05/10/2007
Companies with defensive appeal tend to have strong businesses whose long-term prospects are not unduly affected by the immediate vagaries of the financial cycle or market fashion. If consolidation is under way in their sectors, to create stronger players with opportunities for improved margins, so much the better.
One sector offering defensive possibilities is health care, where AIM-quoted dentistry group Oasis Healthcare recently attracted an £82 million agreed bid from Duke Street Capital. A larger player, fully listed Southern Cross Healthcare, Britain’s leading care home provider, has been growing revenues at 17 per cent a year and eliminating past losses caused by financing costs.
With the care home market benefiting from an ageing population, and regulation and rising property prices causing smaller operators to exit, Southern is seen as a prime consolidator, good at buying businesses and selling assets.
Similarly well placed in a non-cyclical business is Dignity, Britain’s largest provider of funeral services. The fully listed group, which lifted first-quarter profits 20 per cent to £16.6 million, has 12 per cent of a consolidating market. Analysts suggest this could reach 20 per cent within ten years. That will coincide with the onset of the heaviest period of mortality for the post-war ‘baby boom’ generation.
Safety in equity release
Equity release is an established market with sound long-term prospects. That it is now regulated means there is support for AIM-quoted Sovereign Reversions, which provides finance to retired homeowners and is the only listed company in the sector. Acquisitive Sovereign made £7.21 million in pre-tax profits last year.
Home shopping is another area worth considering. Operating in that sector is Findel, which increased profits more than ten per cent to £56 million last year on £555.4 million turnover, before warehouse reorganisation costs, but losses on disposals and other items cut the pre-tax figure back to £17.5 million.
The company, which also handles recruitment and health care, recently said group sales had risen 35 per cent in the first quarter of this year. Chief executive Patrick Jolly said home shopping sales were 68 per cent up, with the internet share firmly on target.
In it for the long haul
The march of business software has been a long-term trend, which many organisations feel they must embrace whatever else is happening. Thus, ‘business transformation consultant’ Axon Group is continuing to make strides as a leader in the field of integrating software produced by German giant SAP into the systems of large SAP users.

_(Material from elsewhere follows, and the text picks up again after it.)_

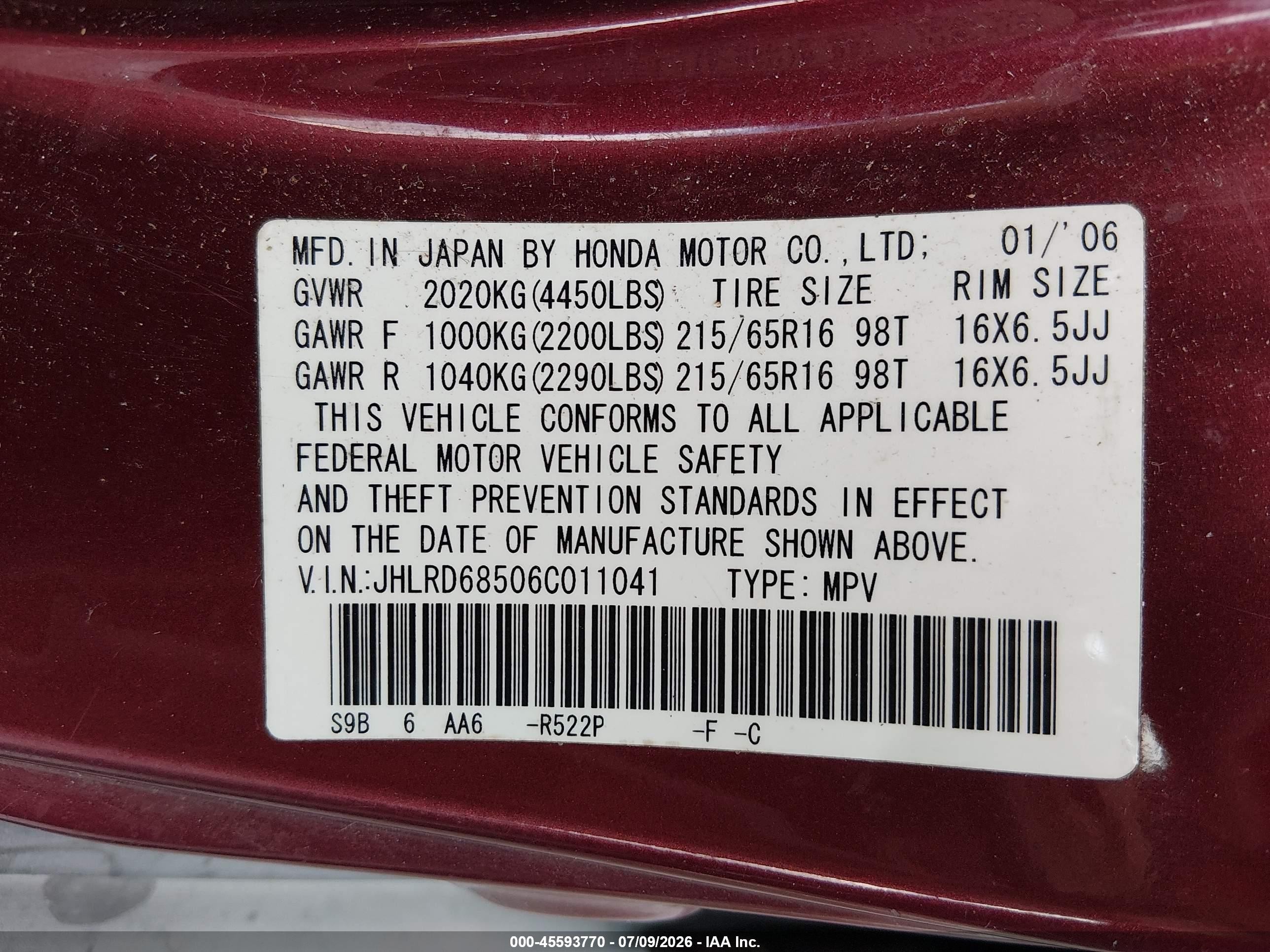 2006 Honda Cr-v Lx Red vin: JHLRD68506C011041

The company, which is acquisitive and has been growing in the US, increased pre-tax profits 81 per cent to £22 million last year and has indicated that interim profits will nearly double to £15 million this year. Significant contract wins in the US and expansion into South East Asia add further promise.
Hungry for profits
Basic food is classically a defensive sector. Recent Full List arrival Hilton Food Group, a specialist meat packer, supplies Tesco and other leading retailers in the UK and continental Europe from facilities in Britain, Ireland, Sweden and Poland. It lifted pre-tax profits 14 per cent last year to £15.5 million and has been expanding its facilities. Chief executive Robert Watson says he is ‘pleased with progress’ in the first half of this year.
Fuller, Smith & Turner, the owner of pubs and hotels group Fuller’s Inns, pushed up operating profits 31 per cent to £29.4 million in the year to March on turnover 23 per cent ahead at £178.2 million. The company has reported a satisfactory start to the current year and said the weather had more of an impact than the smoking ban.
Dairy foods group Dairy Crest also has its followers. Pre-tax profits rose 24 per cent to £80.5 million last year and margins are improving in some divisions.
Riding a magic carpet
Headlam Group, Europe’s leading carpet wholesaler and distributor, boasted cash of £42 million at the end of last year against overdrafts and finance leases of just £1.3 million – a decidedly defensive attribute. Increasing pre-tax profits 6.7 per cent to £43.5 million on sales up 4.8 per cent to £510 million, the company is acquisitive and sells chiefly to carpet fitters and independent retailers, which are seen as more stable markets than the big groups.
Also worth pondering is acquisitive veterinary practice CVS, which broker Panmure Gordon is bringing to AIM this month with a £100 million price tag. Simon Innes, the successful former boss of spectacles retailer Vision Express, heads CVS, backed by private equity group Sovereign Capital, and hopes to be a consolidator in a fragmented market where prices and margins are rising and traditional partnerships are likely to give way to corporate structures.